WORK ITEM: Below are some records. Return exactly the lines from the one with "thiết kế website chuẩn mobile" to the one with "The Carat Shop", and nothing else.

INFORMATION GIVEN:
┄┄┄┄┄┄

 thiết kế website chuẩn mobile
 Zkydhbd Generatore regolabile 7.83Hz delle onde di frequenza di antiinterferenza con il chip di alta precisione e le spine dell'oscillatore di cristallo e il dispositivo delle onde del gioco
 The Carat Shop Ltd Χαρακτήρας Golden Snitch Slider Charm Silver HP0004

┄┄┄┄┄┄

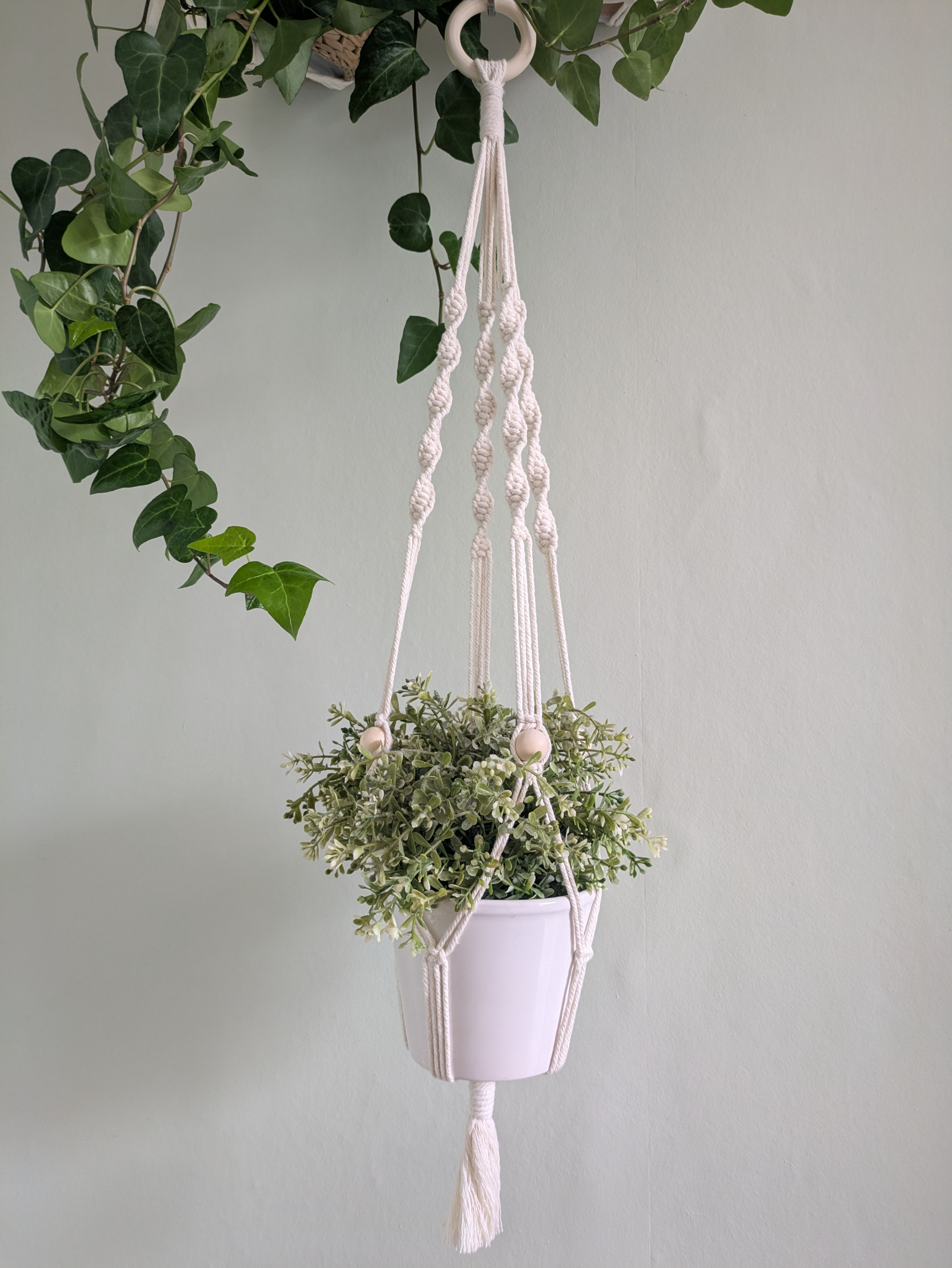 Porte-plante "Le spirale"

┄┄┄┄┄┄

RESULT:
 thiết kế website chuẩn mobile
 Zkydhbd Generatore regolabile 7.83Hz delle onde di frequenza di antiinterferenza con il chip di alta precisione e le spine dell'oscillatore di cristallo e il dispositivo delle onde del gioco
 The Carat Shop Ltd Χαρακτήρας Golden Snitch Slider Charm Silver HP0004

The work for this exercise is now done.